Even Venezuela, which is in an economic crisis and had been calling for an emergency meeting, termed the decision the best available.
“I think it’s been a very successful meeting,” Oil Minister Asdrubal Chavez told reporters after the session. “There’s a total solidarity between all our countries.”
They could take comfort in a 37 percent rally in oil prices since January, a 60 percent drop in U.S. drilling rigs since October, a decline last month in production from American shale oil wells, and billions of dollars of shelved investments by the world’s biggest oil companies.

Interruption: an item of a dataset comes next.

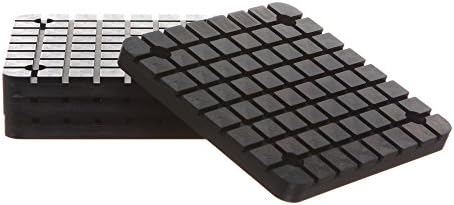 Replacement KIts Square Rubber Arm Pads, Black, Set of 4 image 4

“The heat is off a bit since prices have come up so they’re in a much better place in a lot of ways,” said Robin Mills, a Dubai-based analyst at Manaar Energy Consulting.

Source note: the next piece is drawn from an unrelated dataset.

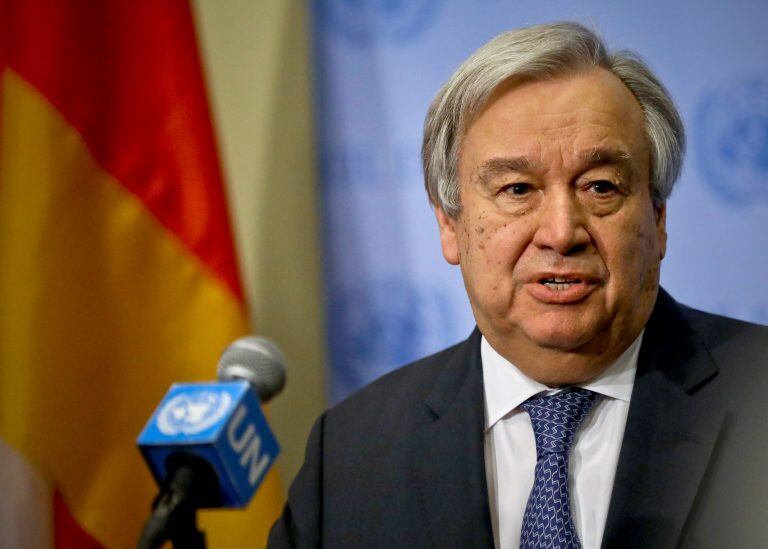 António Guterres, secretario general de Naciones Unidas (AP)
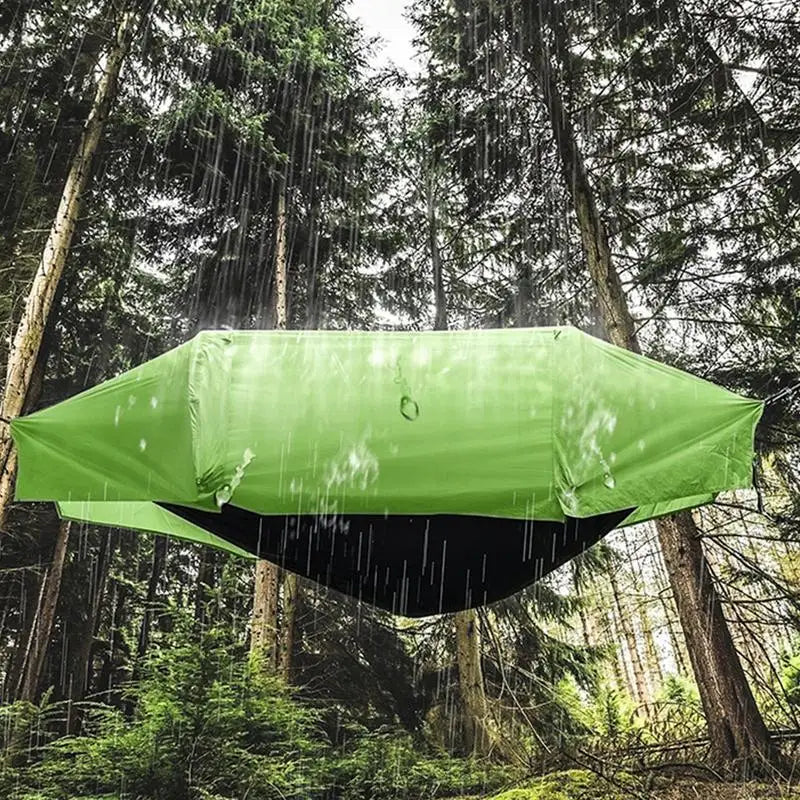 2 Person Backyard Hammock Tent Waterproof Backpacking Hammock 260x140cm Nylon Rocking Chair Outdoor Camping Hammock Swing Tent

Brent for July settlement slid 62 cents to close at $62.69 a barrel on the London-based ICE Futures Europe on Monday.
So the target stayed at 30 million barrels a day, as all but one of 34 analysts surveyed by Bloomberg had forecast. Yet the group has exceeded the output target for 12 straight months. The delegates agreed they should comply, but didn’t discuss precisely how to do that, according to the person briefed on the meeting. Individual quotas weren’t discussed, Mohammed Al Sada, Qatar’s energy and industry minister, said.
Each individual member has an incentive to sell as much oil as possible, and several, in particular Iraq, Iran and Libya, were vocal last week about plans to expand production.

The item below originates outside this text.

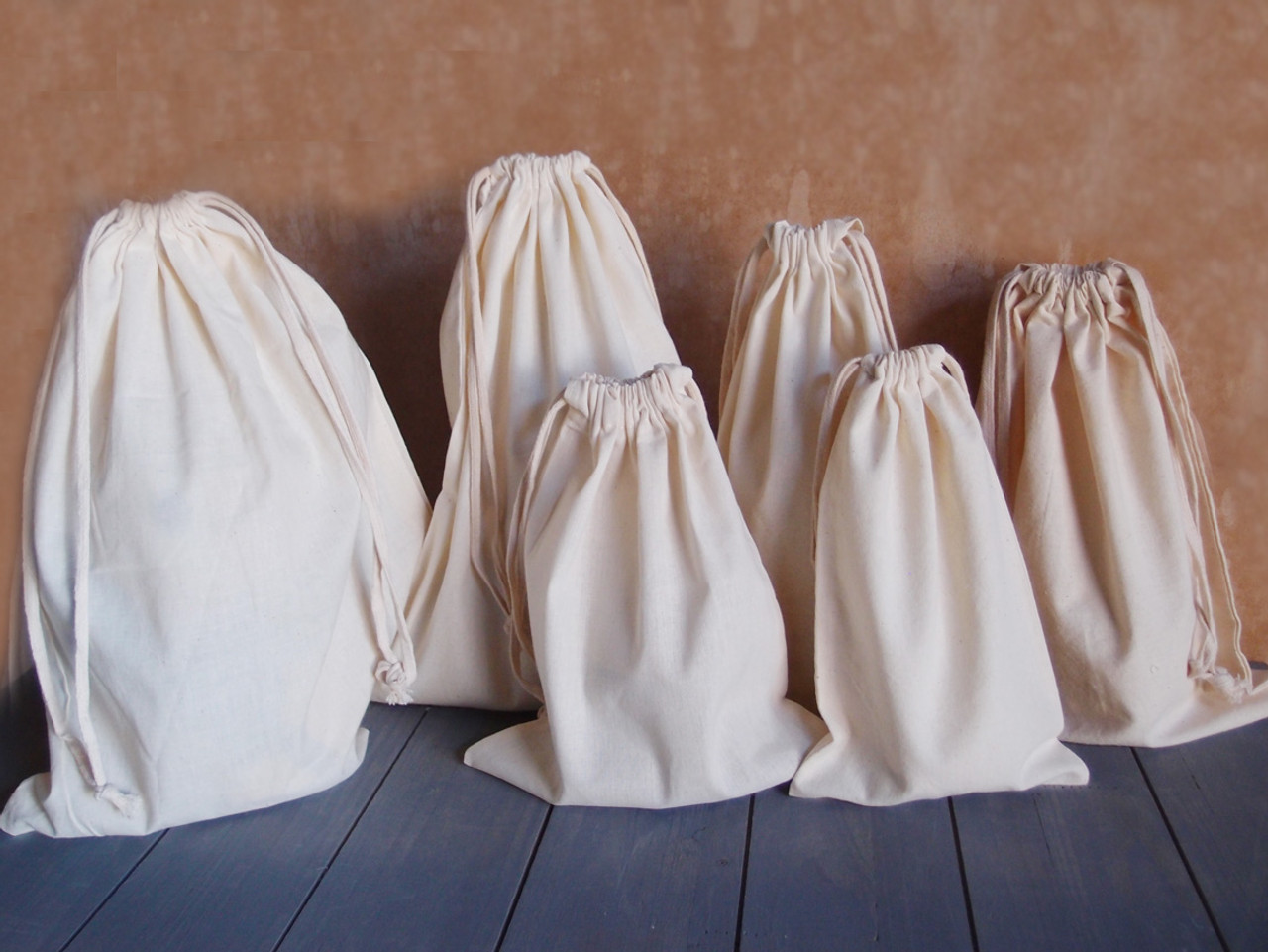 Plain Cotton Drawstring Bags Natural Cotton Drawstring Bags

There wasn’t even any debate when Iran’s oil minister, Bijan Namdar Zanganeh, presented a letter, urging OPEC to make way for his country to pump 4 million barrels a day, back to the level of about 2008 before Western sanctions intensified. Iran produced 2.8 million barrels a day in May, according to data compiled by Bloomberg.
Ministers, including Naimi, showed little reaction, according to two persons briefed.
Iran simply aimed to inform fellow members of its intention to return to global markets, rather than spark any discussion at the meeting about accommodating higher output, Zanganeh said in an interview on June 5. Iran doesn’t need permission from OPEC to increase exports and members have privately told Zanganeh they’re comfortable with the country’s plans, he said.
The issue could be addressed at the next meeting, OPEC Secretary-General El-Badri told Bloomberg TV.
In June 2011, Naimi left a gathering and called it “the worst meeting ever.” This time: “The most amicable,” he said.